Lady how are you…this special day?” standing and greeting me like an old friend - a saffron robed monk gestures and pats the wall for me to sit beside him.  We watch peacefully as the baseball capped boat teams zip up and down the Tonlé Sap like colourful centipedes - rowing in unison - kept in time by a skipper beating a rhythm with his ceremonial paddle. Each dragon boat is decorated with large eyes painted on the Naga (Serpent) heads carved on the prows - said to help them race better and representing fertility, rainbows and water.
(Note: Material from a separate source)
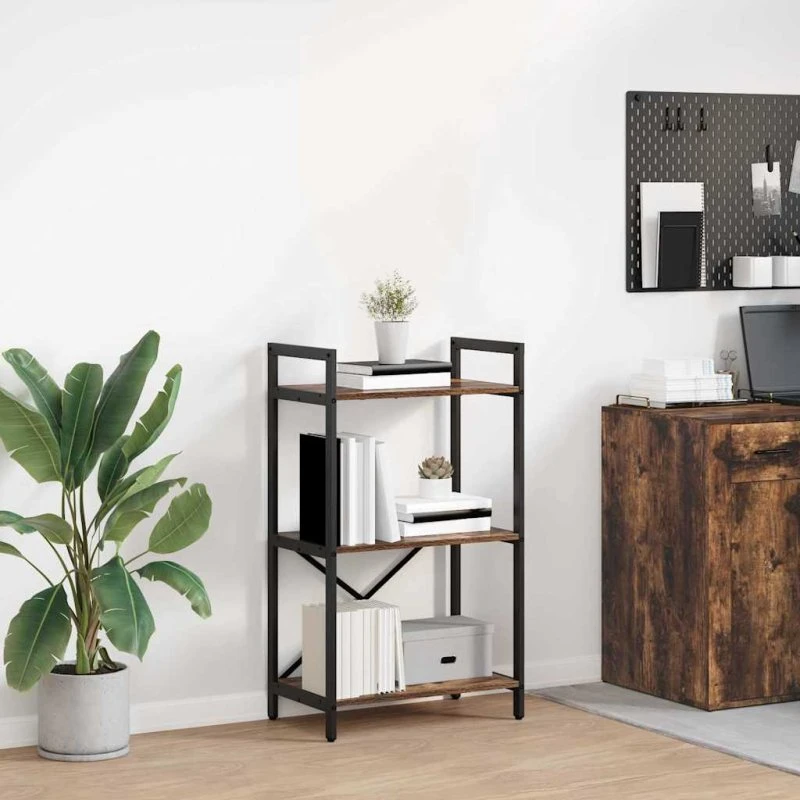 Bogreol røget eg 56x34x96 cm – industrielt design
The excited villagers line the banks showing their support with flags and gusto as the rowers train for the big race with the traditional ‘fool’ on each boat keeping the onlookers amused with satirical jokes.
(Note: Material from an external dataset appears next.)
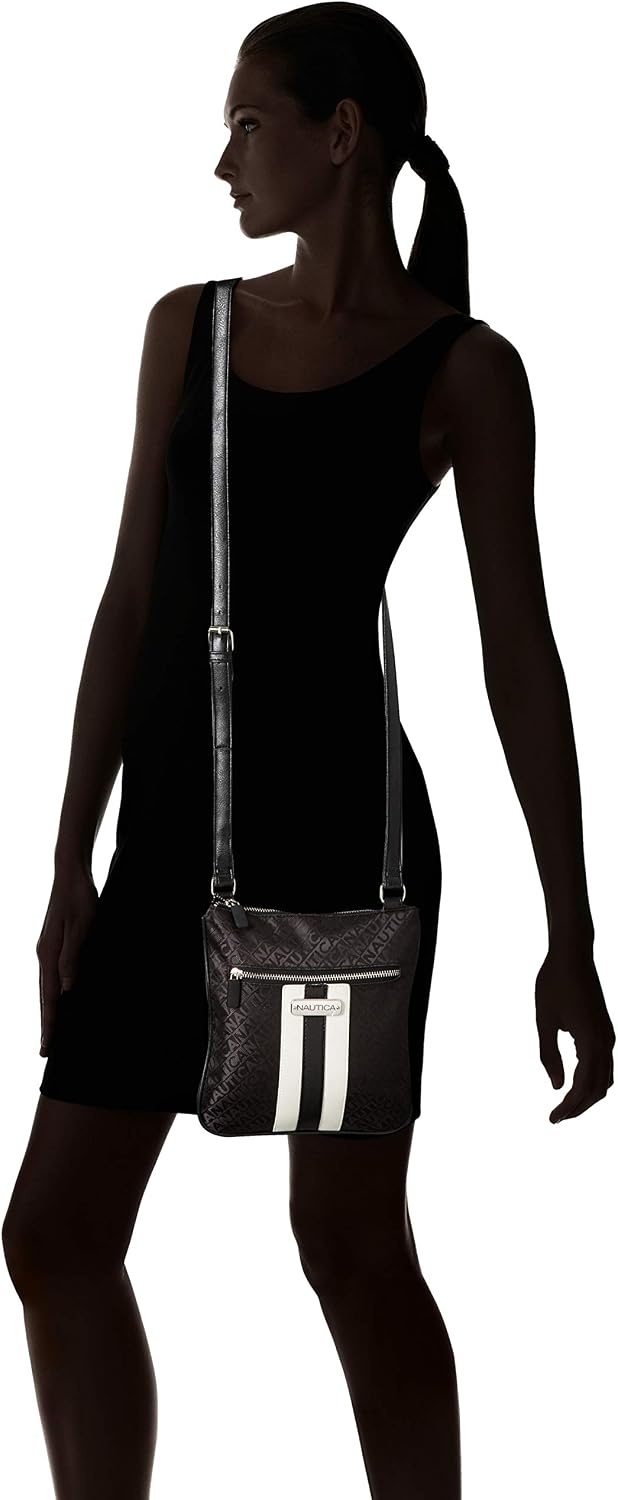 image:imageNautica Womens Lakeside Signature North South Crossbody BagBlack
This historical Water Festival dates back to King Jayavarman II, the founder of the great Empire of Angkor and signifies the end of the wet season - a time for celebration rivaling the Khmer New Year in importance. The Monk smiles, leans forward and whispers “…this year our people we catch plenty big fish when waters change direction at full moon of Buddhist Calendar of Kadeuk…” he nods and I nod… but even after reading about this unique phenomenon - I can’t understand how waters can reverse - let alone into the mighty Mekong! “Ah…this year bringing us rich happy happy harvest… many fish and many more luck to our people - this year is good year…” After the tragic event of 2010 when many people lost their lives in a panic stampede on Freedom bridge and the last years festivals being cancelled - this year I can understand that Bon Om Tuk is extra special for the Khmer people.
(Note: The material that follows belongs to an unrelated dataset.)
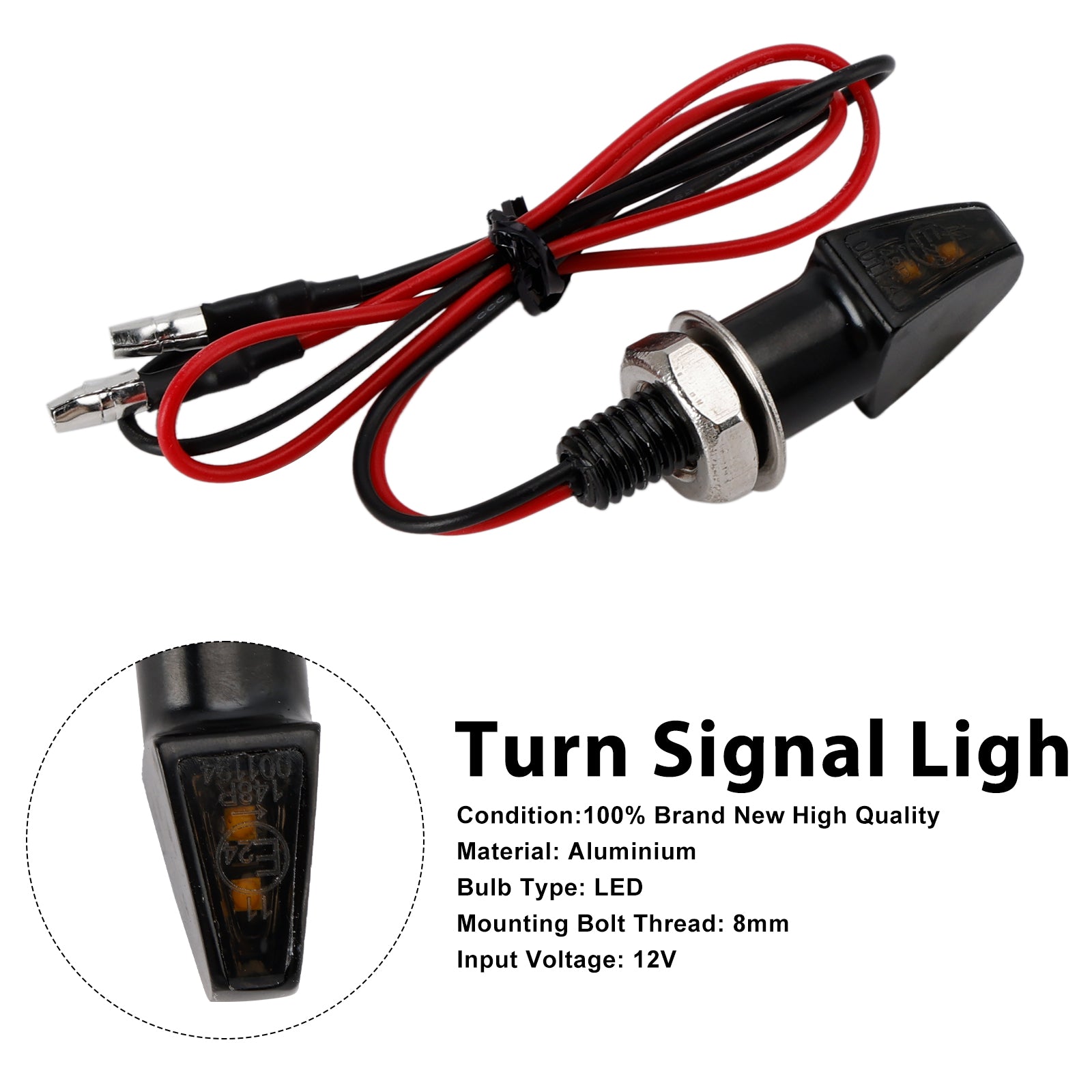 Universal MotorCycle 12V LED Turn Signal Indicator Light 8mm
I leave the Monk waving me goodbye as I wander off through narrow streets past the smiling lady who's half-hidden behind her giant wok of freshly skinned frogs as I mingle with the crowds following musical jingles into an alleyway of pungent fish stalls. Then it opens into what resembles a Victorian fairground with rusty rides and sweet laden stalls – a mixture of aromas fill my nostrils - good and bad. There amid rumbling motors boys and girls play amid screams of delight echoing from the top of the ‘small’ rickety ‘big wheel’ just held together by rusty bolts and odd curled metal. Younger children ride by waving from plastic toy cars and animals all simply stuck on a carousel base being pushed round-and-round by a fairground worker in a yellow vest. Everything is rusty, ramshackle and creaky but everyone’s having fun and the rides must be safer than they look – they’ve lasted so long! 

Walking along to the riverfront through swirling pyramids of steam rising up from stalls as mouth-watering aromas of crispy blackened fish fill the air outside the famous Foreign Correspondents Club.  Shuffling past pavement restaurants - which in Cambodia are just that - gingham cloths, wicker mats with comfy cushions spread out on grass verges or pavements. Sellers and dinners alike, sit cross-legged around the Royal Palace and waterfront in the humid sunlight drinking local alcoholic brews or strange herbal teas - often chatting till late in the night. 
Thousands of young and old fill both sides of the river: elegant Khmer ladies wearing dresses of red, yellow silk or satin; joyful girls dressed as fairy princesses with colourful hats or huge flowers perched in their shiny hair.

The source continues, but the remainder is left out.